Nobody knows better than Matthew Scudder how far down a person can sink in this city. A young prostitute named Kim knew it also--and she wanted out. Maybe Kim didn't deserve the life fate had dealt... This description may be from another edition of this product.

Customer Reviews

5 ratings

Eight Million Ways to Die Blocks Best Scudder Novel Ever?

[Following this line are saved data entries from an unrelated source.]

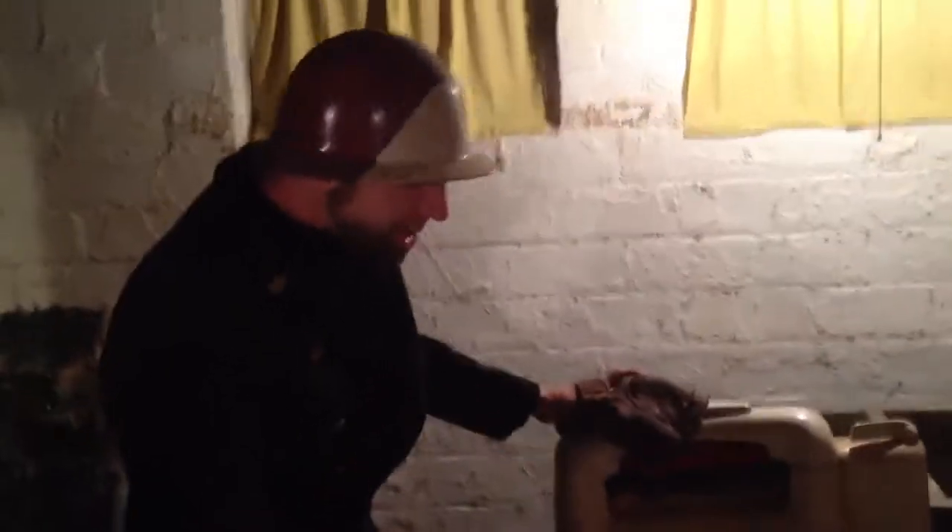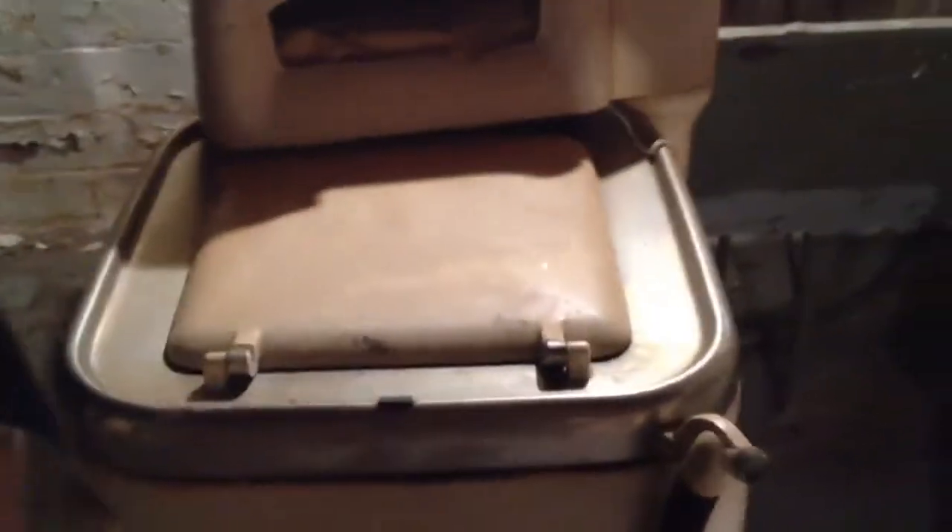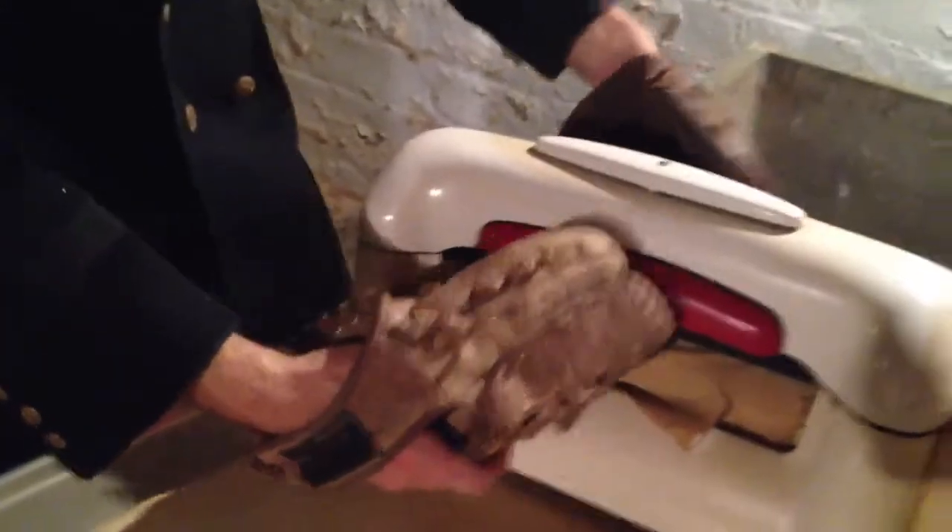So a viewer requested that we talk a little more about this washing machine here. I'm trying to see what brand it is — I don't know, but it's pretty old. Trying to get this open. It's probably a little easier without old baseball mitts on my hands, but that would just be stupid.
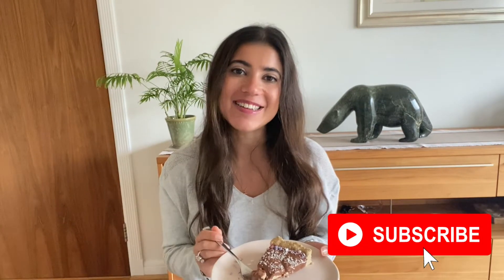If you enjoyed this video, please don't forget to give it a big thumbs up — it really helps to support my channel. Hit the red subscribe button down below. I'm going to go and enjoy my chocolate mousse tart, so I'll see you back here with another video next Friday.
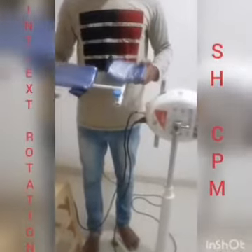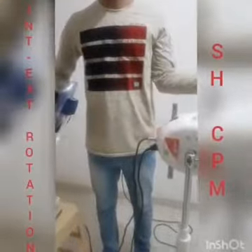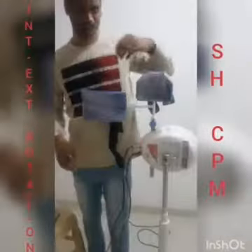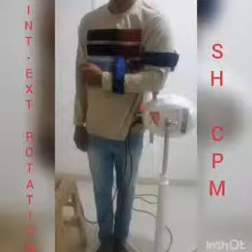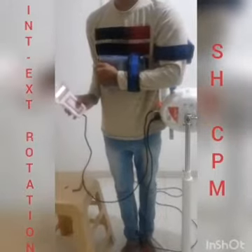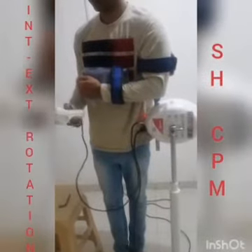Tighten it using the Allen key in such a way that the machine should not move any further. Use this splint for the internal and external rotation. Attach this splint over here on the machine head in this way and tighten it using the knob. Now, place the patient's hand in this way and tighten it using the belts. Set the required angle and treatment time in the remote, same as the other movements, and press next so that the treatment starts.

Having only read one other Lawrence Block novel "A Dance at the Slaughterhouse", I was intrigued at the depth of Eight Million Ways to Die. The characters and the environment of New York being the backdrop for this story makes for an entertaining read. As well as Scudders unwillingness to accept that he's an alcoholic. The ending was a classic one. The way Block is able to bring to life the city as a main part of the plot in the story is amazing. Eight Million Ways to Die is a classic and will forever be remembered as one of the top 25 mystery novels of all time! Other recommended books:Death in Uptown by Michael Raleigh

Scudder Descends into the Depths

"Eight Million Ways to Die" is a classic piece of hardboiled detective fiction that represents a turning point in the life of its hero, Matthew Scudder. Early on in the narrative, Scudder is told frankly by a young doctor after a two-day alcohol blackout, "if you drink, you'll die." Scared by the warning, Scudder takes a case he doesn't want in a despearte attempt to distract him from alcohol. His struggles with the bottle come across very real and are harrowing to behold. The case is a good one as well with Scudder attempting to track the manaical killer of a hooker who was trying to leave the life. Death is an ever constant theme, with the book's title being a riff on the old literary saying "there are eight million stories in the naked city."This book is everything great private detective fiction should be; dark, cynical, violent and lonely. Frankly, I like Scudder better during this period than later on after he sobers up. If you agree, you'll love this book.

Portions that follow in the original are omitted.